Egypt – one glance is enough to understand the diversity of civilisations that coexisted here.
Here, Pharaonic, Greek, Roman and Islamic civilisations can be found.
But Egypt is also home to early Christians.
Their history dates back to ancient times.
A museum - unique in the Oriental world - can tell the epic history of these early Christians:
The Coptic Museum in Cairo.
FORGETTEN TREASURES AROUND THE MEDITERRANEAN
THE COPTIC MUSEUM IN CAIRO / EGYPT
After Cleopatra´s death in 33 A.D., the Romans occupy the country.
7 million men and women live in Egypt, the heirs of the era of the pyramids.
Did their culture, art and religion perish together with the pharaohs?
Or did they stay alive?
And what became of this people?
"My name is Anianus. I was born in ancient Egypt and I can tell you our story.
Yes, our pharaohs died, but we, the Coptic people, have survived.
And no, we did not give up our gods.
Everything starts with the year 0 of our time reckoning.
My profession is shoe-maker, a shoe-maker like all the others, until one day my life changes completely.
Greeks and Romans rule over our country and the Nile Valley. They try to impose their gods on us,
but we remain faithful to Amun-Re, Isis and Osiris."
Although the Copts reject all foreign gods systematically, they start accepting Christian faith when it gets announced in Egypt.
What is it about this new faith that people begin to abjure their former gods?
"80 years have passed since the death of Cleopatra.
I work in my shop like every day, when a man enters.
He says his name is Mark and that he came from far away, and must repair his sandals.
When I ask him where he comes from, he tells me incredible news:
that a new pharaoh has arrived to save us.
His name is Christ.
I listen to this Mark. I believe him.
He baptises me, here in my workshop,
and I become the first Christian in Egypt."
12 years after the death of Christ, Saint Mark [the Evangelist] arrives in Egypt.
"I, Anianus, the humble shoe-maker, become a disciple of Mark.
Together we start announcing the gospel to the Coptic people."
The news about this god who became human spread like wildfire along the Nile valley,
and down to the Southern provinces.
There, near the city of Aswan, a temple dedicated to the goddess of Isis continues to defy time.
"Mark said that Christ raise from the dead. With our sun god Amun-Re who rises day after day in his sun boat,
we also believe in the rebirth of the souls.
For all initiates, the first Christians engraved the cross of their new religion into the stones and the pillars of this temple.
Here were once the pharaonic priests had worshipped the ancient gods,
in the first century AD the Egyptians established the first Christian chapel we know in Egypt.
"We used to revere Isis. The wife of Osiris gave birth to god´s son Horus, to who she gives eternal milk.
In our eyes, Mary, mother of Christ, is another incarnation of our goddess Isis.
Both are breastfeeding their respective child and god´s son.

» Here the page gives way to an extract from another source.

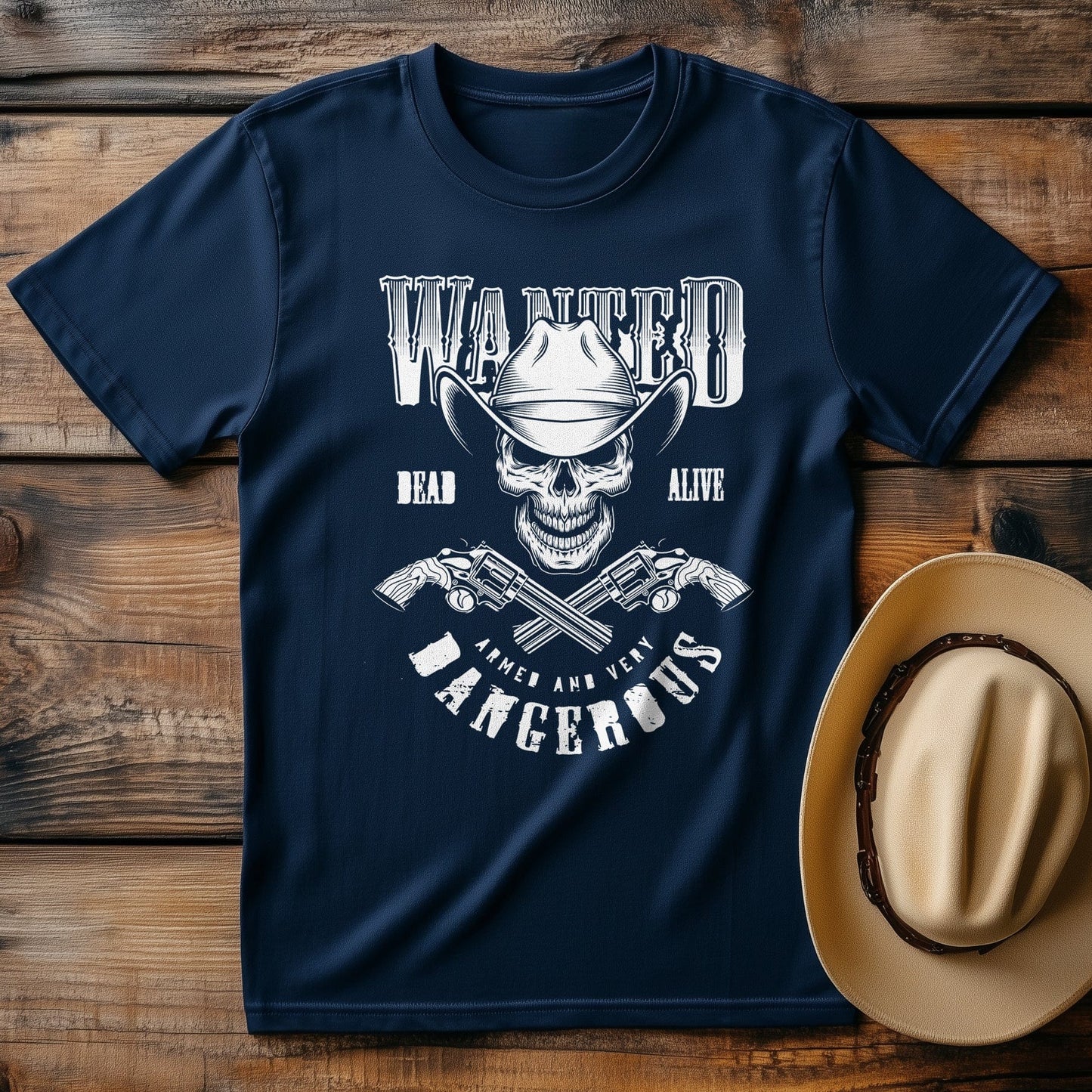 Dead or Alive Skull & Crossbones T-shirt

And slowly we start painting and worshipping the image of the virgin who breastfeeds Jesus.
When he grows up, god´s child Horus takes on the form of a falcon.
Through him, the pharaohs receive their divine power.
Jesus Christ as well is at the same time a divine and a human child."
In the Coptic Museum, other pieces of evidence can prove how many bridges have been built between the pharaonic cults and Christian belief.
"We abandon mummification.
Instead, just like in pharaonic times, we put images of our deceased upon their graves.
When the soul resurrects, it must be able to recognise its body, to take it to eternal life.
With time, our ancient Egyptian cross, the ´Ankh´ cross [=the sign of life],
becomes more and more similar to the cross on which Jesus was crucified by the Romans."
Between the 1st and 4th century, the Coptic cross develops, including its symbolism it shows until today:
Four equal arms ending in four triangles.
Each triangle symbolises the ´Holy Trinity´ of father, son and holy spirit.
Between the four arms there are four points for the four evangelists.
3 multiplied by 4 are 12, like the 12 disciples.
On the tomb stones, Anubis with the jackal head remains, the god of death,
the most surprising remainder of pharaonic gods.
The jackal god ruling over the hereafter weighs the souls of the deceased,
to send them on the road to resurrection or into damnation.
Anubis can be found on tombstones from the era between 1st and 6th century.
Until Middle Age, its form is changing.
During the morphing of one belief into the other, the pharaonic demigods are gradually replaced by [Christian] saints, angels and archangels.
The wings of the vulture and of other divine birds of prey slowly become angel wings.
"While overtaking a new religion, we also change our depiction of the world."
Coptic art changes.
The pharaonic style shows faces in profiles, but the Greco-Roman in front.
The gradual mixing of these two influences coins a new aesthetics,
leading to the development of Coptic art.
"After the exaggeratedly elongated eyes of our pharaonic profiles, we now start depicting very open eyes.
This way we express our desire to open our souls toward god and the mysteries of the hereafter.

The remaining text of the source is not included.